▶ **Input records**:
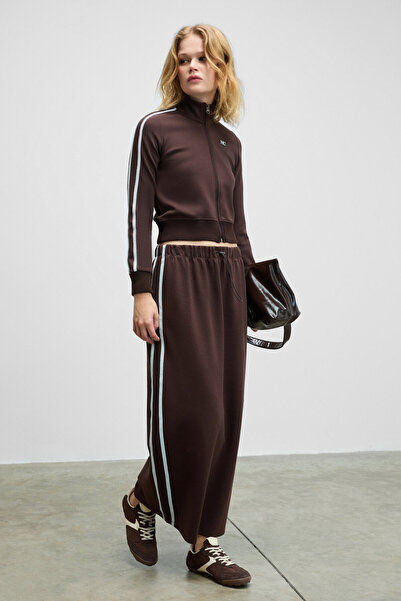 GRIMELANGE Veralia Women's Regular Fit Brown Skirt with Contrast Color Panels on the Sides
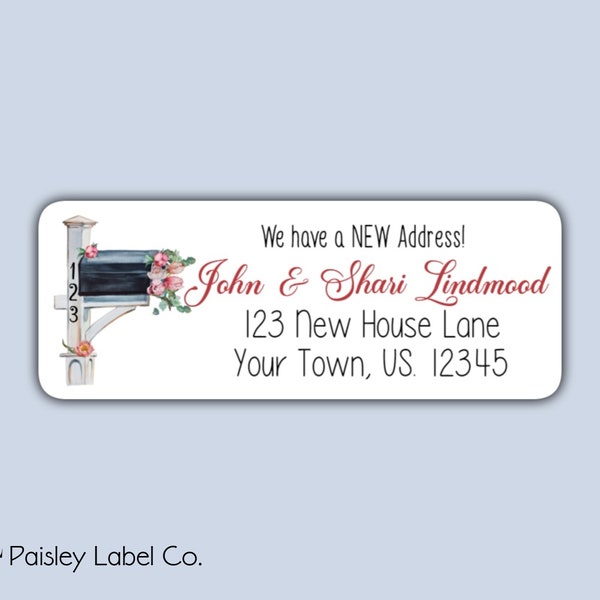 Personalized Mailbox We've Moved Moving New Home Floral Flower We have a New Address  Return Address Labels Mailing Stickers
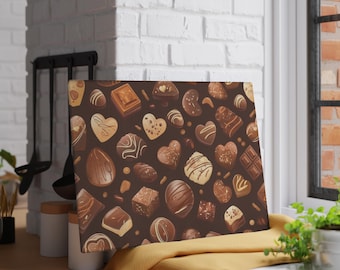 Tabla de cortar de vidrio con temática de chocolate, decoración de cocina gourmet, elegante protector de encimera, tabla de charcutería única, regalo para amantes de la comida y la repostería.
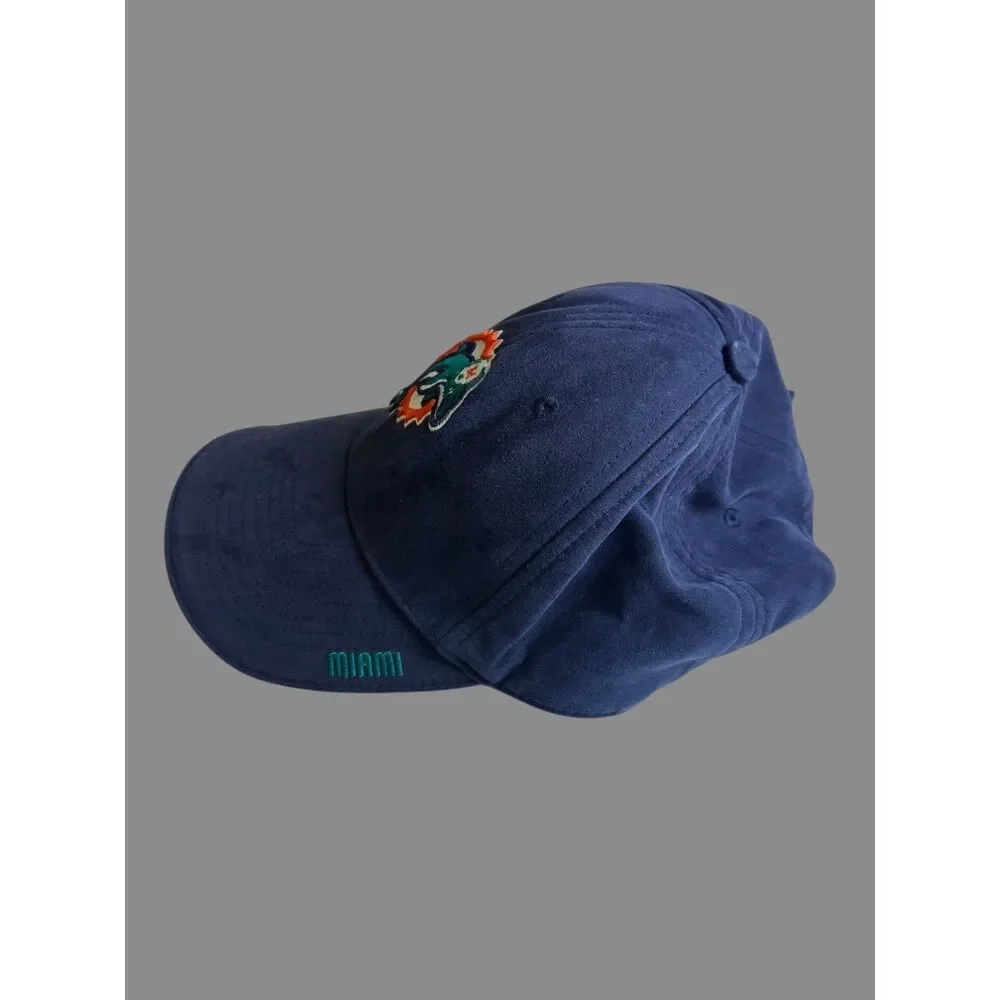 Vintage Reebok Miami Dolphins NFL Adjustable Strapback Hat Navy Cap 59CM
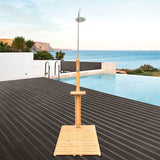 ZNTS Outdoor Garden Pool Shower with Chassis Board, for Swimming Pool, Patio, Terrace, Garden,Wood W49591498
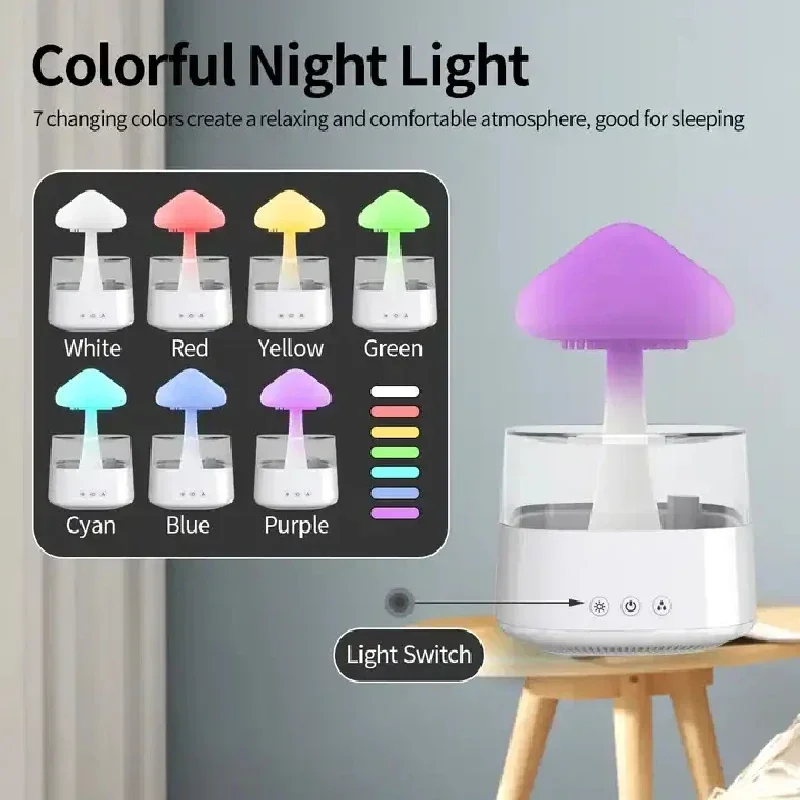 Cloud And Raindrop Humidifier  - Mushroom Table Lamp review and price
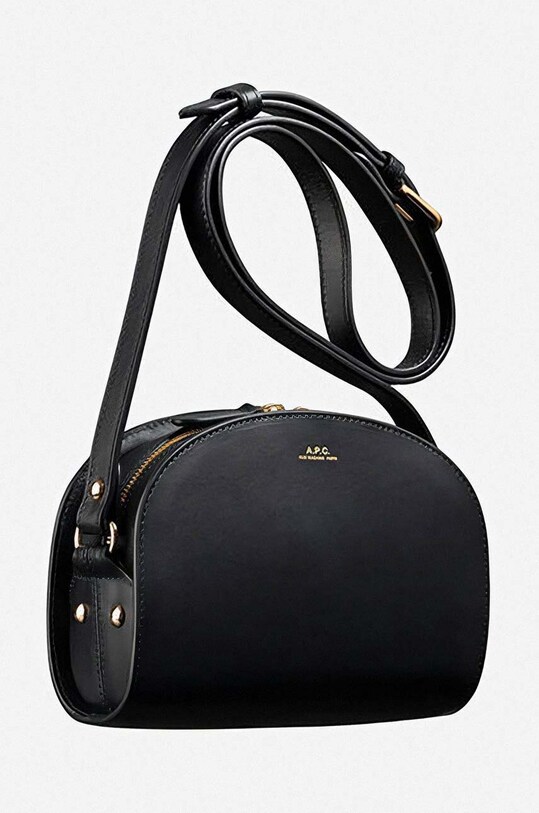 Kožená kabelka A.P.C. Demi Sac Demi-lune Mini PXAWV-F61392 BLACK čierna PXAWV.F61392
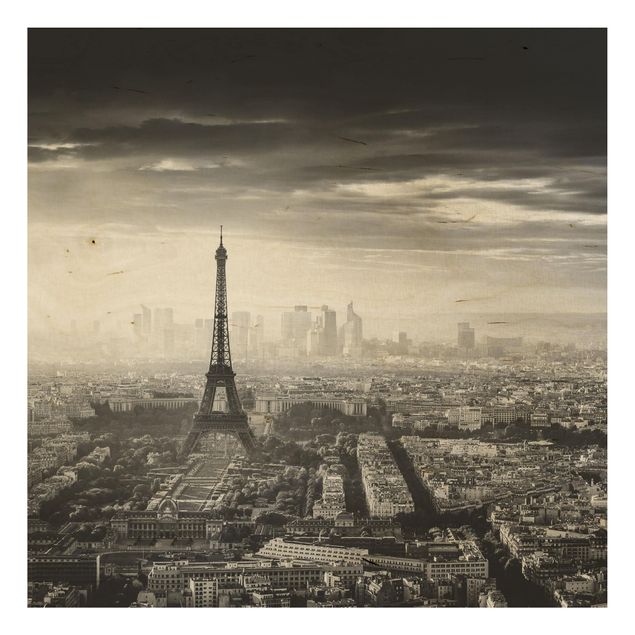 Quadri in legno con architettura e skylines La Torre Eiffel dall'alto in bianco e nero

▶ **What to work on**: Without the images, write out each line of the data verbatim.

▶ **Your response**:
 GRIMELANGE Veralia Women's Regular Fit Brown Skirt with Contrast Color Panels on the Sides
 Personalized Mailbox We've Moved Moving New Home Floral Flower We have a New Address  Return Address Labels Mailing Stickers
 Tabla de cortar de vidrio con temática de chocolate, decoración de cocina gourmet, elegante protector de encimera, tabla de charcutería única, regalo para amantes de la comida y la repostería.
 Vintage Reebok Miami Dolphins NFL Adjustable Strapback Hat Navy Cap 59CM
 ZNTS Outdoor Garden Pool Shower with Chassis Board, for Swimming Pool, Patio, Terrace, Garden,Wood W49591498
 Cloud And Raindrop Humidifier  - Mushroom Table Lamp review and price
 Kožená kabelka A.P.C. Demi Sac Demi-lune Mini PXAWV-F61392 BLACK čierna PXAWV.F61392
 Quadri in legno con architettura e skylines La Torre Eiffel dall'alto in bianco e nero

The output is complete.